# [Task]
Please repeat the listing exactly, starting at its first line and stopping after the line that contains "Sensational™ Lavender Plant".

# [Dataset excerpts]
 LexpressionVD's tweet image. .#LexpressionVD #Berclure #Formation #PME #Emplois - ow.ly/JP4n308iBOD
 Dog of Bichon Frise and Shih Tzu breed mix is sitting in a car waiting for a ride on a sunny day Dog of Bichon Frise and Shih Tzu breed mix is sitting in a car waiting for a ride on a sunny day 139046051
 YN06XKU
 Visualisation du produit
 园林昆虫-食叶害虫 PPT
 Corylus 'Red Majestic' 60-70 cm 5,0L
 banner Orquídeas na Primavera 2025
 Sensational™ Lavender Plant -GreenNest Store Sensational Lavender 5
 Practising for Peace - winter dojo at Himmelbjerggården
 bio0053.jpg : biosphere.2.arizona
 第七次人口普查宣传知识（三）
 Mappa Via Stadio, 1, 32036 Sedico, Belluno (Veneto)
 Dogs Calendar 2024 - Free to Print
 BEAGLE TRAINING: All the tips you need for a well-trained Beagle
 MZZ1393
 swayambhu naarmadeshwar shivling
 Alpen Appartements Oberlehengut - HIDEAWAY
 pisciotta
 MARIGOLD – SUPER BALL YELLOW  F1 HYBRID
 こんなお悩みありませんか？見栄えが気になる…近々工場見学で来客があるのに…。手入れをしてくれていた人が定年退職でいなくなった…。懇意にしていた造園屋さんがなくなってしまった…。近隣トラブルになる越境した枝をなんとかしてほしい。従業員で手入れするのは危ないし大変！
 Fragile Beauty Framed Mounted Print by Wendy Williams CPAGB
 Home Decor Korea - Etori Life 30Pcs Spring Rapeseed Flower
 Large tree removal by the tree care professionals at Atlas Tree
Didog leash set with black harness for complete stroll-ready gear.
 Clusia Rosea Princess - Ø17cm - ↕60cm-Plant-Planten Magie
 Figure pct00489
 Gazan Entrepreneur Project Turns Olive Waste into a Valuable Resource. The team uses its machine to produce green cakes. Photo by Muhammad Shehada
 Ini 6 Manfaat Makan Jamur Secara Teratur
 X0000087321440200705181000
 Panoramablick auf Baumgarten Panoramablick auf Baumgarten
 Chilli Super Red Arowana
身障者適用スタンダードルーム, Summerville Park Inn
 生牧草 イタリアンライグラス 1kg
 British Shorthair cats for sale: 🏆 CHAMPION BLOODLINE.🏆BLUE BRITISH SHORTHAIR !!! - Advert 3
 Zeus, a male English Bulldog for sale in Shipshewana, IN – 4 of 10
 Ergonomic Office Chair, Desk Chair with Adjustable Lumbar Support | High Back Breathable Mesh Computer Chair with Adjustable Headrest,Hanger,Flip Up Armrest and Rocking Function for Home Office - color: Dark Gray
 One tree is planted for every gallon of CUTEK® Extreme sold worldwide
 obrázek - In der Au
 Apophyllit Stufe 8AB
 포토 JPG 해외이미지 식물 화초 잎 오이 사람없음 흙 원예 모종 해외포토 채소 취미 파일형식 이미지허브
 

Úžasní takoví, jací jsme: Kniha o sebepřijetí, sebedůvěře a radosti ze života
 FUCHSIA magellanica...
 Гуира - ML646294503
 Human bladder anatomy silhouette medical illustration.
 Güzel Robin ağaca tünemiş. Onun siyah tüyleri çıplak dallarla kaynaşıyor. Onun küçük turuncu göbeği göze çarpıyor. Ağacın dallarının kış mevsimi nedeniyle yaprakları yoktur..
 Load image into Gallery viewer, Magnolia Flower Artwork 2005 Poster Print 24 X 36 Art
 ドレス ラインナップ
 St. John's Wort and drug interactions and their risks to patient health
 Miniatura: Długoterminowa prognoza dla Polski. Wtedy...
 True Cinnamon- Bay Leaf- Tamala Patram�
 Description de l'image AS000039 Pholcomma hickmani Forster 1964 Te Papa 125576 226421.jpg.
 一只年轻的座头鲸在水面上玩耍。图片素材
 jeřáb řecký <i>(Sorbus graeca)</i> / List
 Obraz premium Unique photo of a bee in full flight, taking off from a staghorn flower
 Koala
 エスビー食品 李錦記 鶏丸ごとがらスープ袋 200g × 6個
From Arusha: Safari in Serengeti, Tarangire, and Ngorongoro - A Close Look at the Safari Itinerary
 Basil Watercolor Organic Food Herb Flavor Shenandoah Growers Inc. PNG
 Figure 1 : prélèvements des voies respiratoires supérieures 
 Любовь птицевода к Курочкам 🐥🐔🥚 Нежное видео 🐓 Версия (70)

# [Task answer]
 LexpressionVD's tweet image. .#LexpressionVD #Berclure #Formation #PME #Emplois - ow.ly/JP4n308iBOD
 Dog of Bichon Frise and Shih Tzu breed mix is sitting in a car waiting for a ride on a sunny day Dog of Bichon Frise and Shih Tzu breed mix is sitting in a car waiting for a ride on a sunny day 139046051
 YN06XKU
 Visualisation du produit
 园林昆虫-食叶害虫 PPT
 Corylus 'Red Majestic' 60-70 cm 5,0L
 banner Orquídeas na Primavera 2025
 Sensational™ Lavender Plant -GreenNest Store Sensational Lavender 5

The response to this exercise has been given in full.